Spatial Joins Performance — Deep Dive
Spatial joins are the most performance-sensitive operation in geospatial Python. Moving from simple sjoin calls to million-to-million geometry matching requires understanding index internals, geometry preparation, partitioning strategies, and alternative engines.
R-tree index internals
GeoPandas delegates spatial indexing to Shapely’s STRtree (Sort-Tile-Recursive tree). The STR algorithm:
- Sorts geometries by the x-coordinate of their bounding-box centroid
- Packs them into leaf nodes (default fanout ≈ 10)
- Recursively builds parent nodes by sorting y-coordinates
- Result: a balanced tree where bounding boxes at each level tightly enclose their children
Query mechanics
from shapely import STRtree
tree = STRtree(polygon_geometries)
# Query: which polygons might contain this point?
candidates_idx = tree.query(point, predicate="intersects")
# Returns array of indices into polygon_geometries
The predicate parameter in Shapely 2.0 enables index-level predicate pushdown. With predicate="contains", the STRtree performs both the bounding-box check AND the exact geometry test in C, avoiding Python overhead for each candidate.
Bulk query for join operations
from shapely import STRtree
import numpy as np
tree = STRtree(right_geoms)
# Query all left geometries at once
left_idx, right_idx = tree.query(left_geoms, predicate="intersects")
# Returns two arrays of matching indices
This bulk query is what GeoPandas sjoin uses internally. The entire loop — build tree, query all geometries, return index pairs — runs in C with no per-geometry Python calls.
Prepared geometries
For repeated tests against the same geometry (e.g., checking millions of points against one complex polygon), GEOS “prepares” the geometry by pre-computing internal acceleration structures:
from shapely import prepare
complex_polygon = polygons.geometry.iloc[0]
prepare(complex_polygon) # pre-computes edge index
# Subsequent operations are 10-100× faster
results = [complex_polygon.contains(p) for p in points]
Shapely 2.0 automatically prepares geometries during bulk operations, but explicit preparation helps when you control the loop.
GeoPandas sjoin optimization checklist
import geopandas as gpd
# 1. Project to meters (tighter bounding boxes, faster index)

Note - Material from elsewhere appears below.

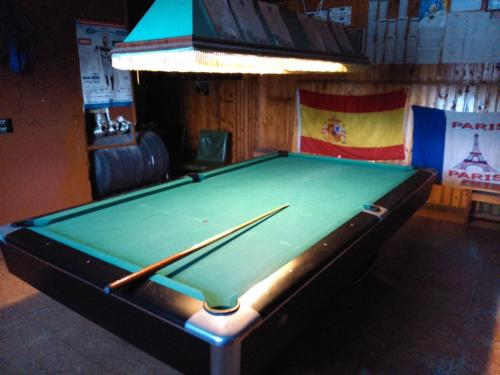 a green pool table in a bar with a cue at Annimatsi Camping in Otepää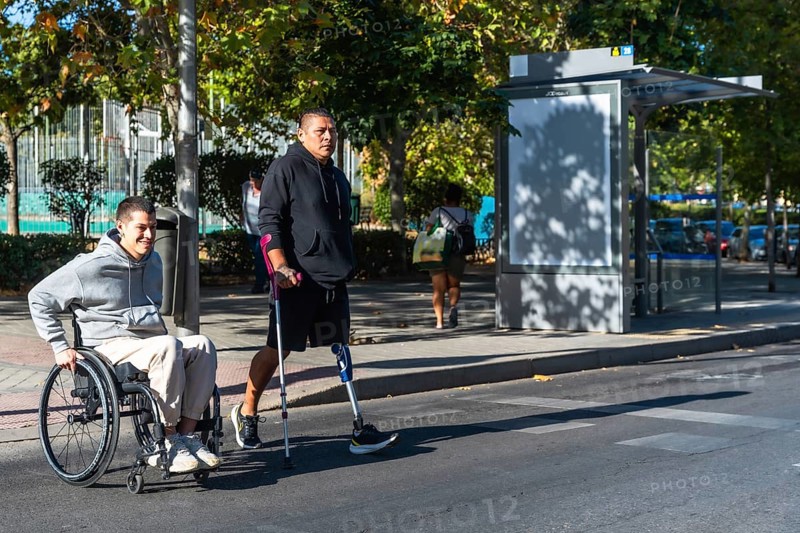 Two amputee men, one using a wheelchair and the other a prosthetic leg with crutch, navigating an urban environment, symbolizing friendship, support, and active movement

left = left.to_crs(epsg=32618)
right = right.to_crs(epsg=32618)
# 2. Simplify complex geometries on the right side
right["geometry"] = right.geometry.simplify(tolerance=10) # meters
# 3. Use the most restrictive predicate
joined = gpd.sjoin(left, right, predicate="within") # not "intersects"
# 4. Reduce columns before join (less memory, faster copy)
right_slim = right[["geometry", "region_id", "name"]]
joined = gpd.sjoin(left, right_slim, predicate="within")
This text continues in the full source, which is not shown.